By Caroline Williams
“Content to fill a little space, if Thou be glorified.” I can still see the simple print framed on her kitchen wall. That afternoon, while her house was fragrant with coffee and children played outside, my teenage self learned a profound lesson.
It was more than the quote that stopped me in my mental tracks though. As a woman of God, wife, and mother, she embodied Anna Waring’s hymn lyric in so many ways – including the literal sense. Their house was tiny. But long before Marie Kondo’s joy-sparking minimalism became popular, she had mastered the art of living simply and well. Her example of life in a space so small she had to restock her refrigerator every two days largely formed the way I view my own home.
It wasn’t just the way she kept her house that impacted me, although she taught me a lot about the joy of organized simplicity. It wasn’t the size of her living space, either, although that showed me that it’s not about where you live, but how you live in it that counts. She filled her space with warmth and grace, and it was evident as soon as anyone stepped in the door.
Homemaking is a term rife with stereotypes, isn’t it? Maybe it conjures visions of baking bread in a ruffled pinafore or just scenes of washing dishes in a bathrobe. (Nothing wrong with ruffles or homemade bread!) But what if we chopped the word “homemaking” back into two words and flipped them around in our minds?
Home isn’t a place, not really. It’s more of an idea. For starters, it’s where we feel safe and protected; a thing some people never find.
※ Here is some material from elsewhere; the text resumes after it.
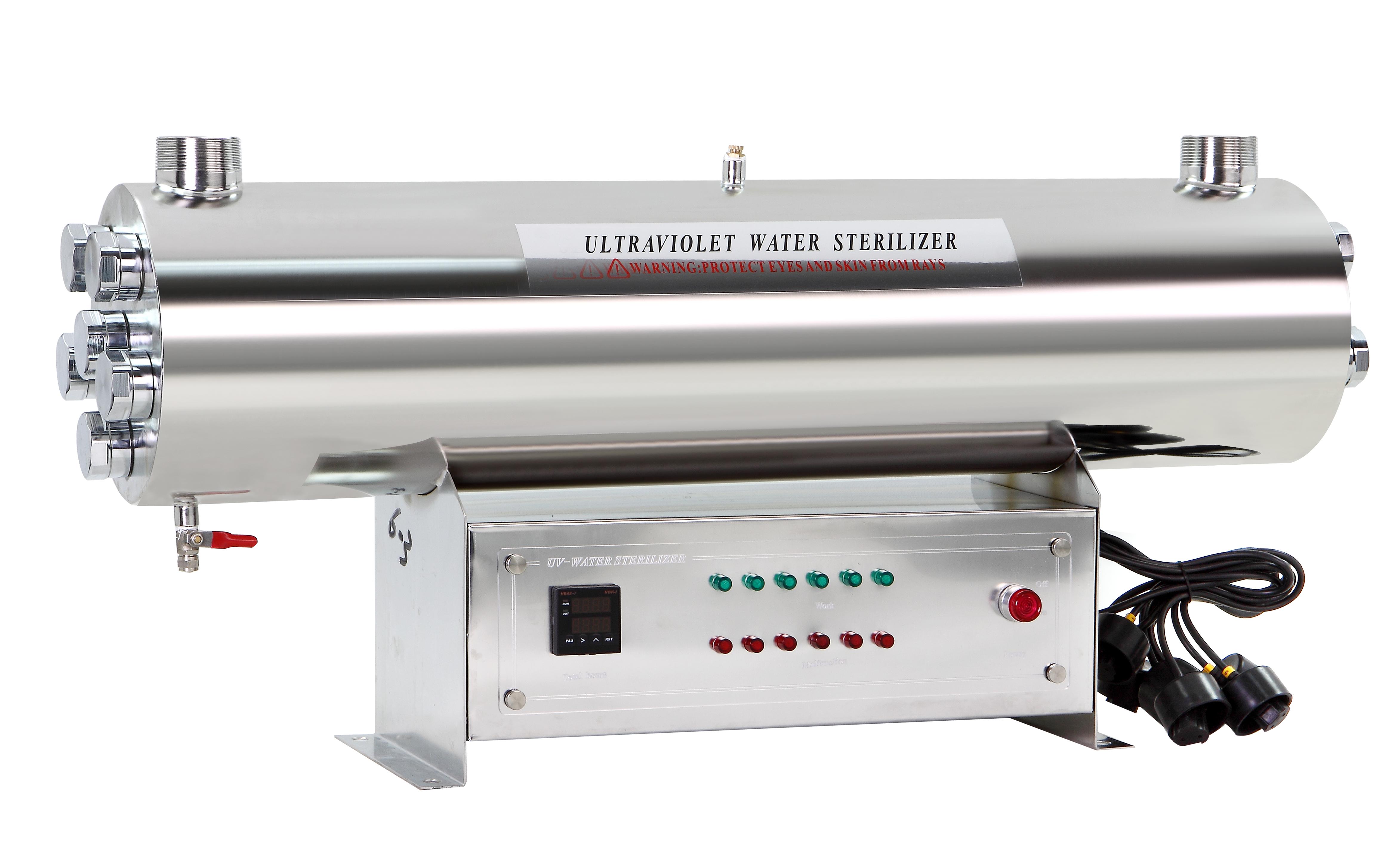 Big water capacity UV water sterilizer 330W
But everyone, deep inside, longs for it. Making home can happen however and wherever we choose. It stems from a heart attitude: a heart that seeks to find its contentment in Christ. A heart that is free to serve and welcomes the vulnerable needs of those around it.
We can make home simply by working daily to create a space where our loved ones feel always accepted, never condemned or cut down. A place where we strive to work through conflict honestly, to ask and give forgiveness, and break down barriers. A place where we seek to build up and give courage. Only peaceful hearts can create a peaceful home.
If this is the case, we don’t have to have a family of our own or even a whole house to make home.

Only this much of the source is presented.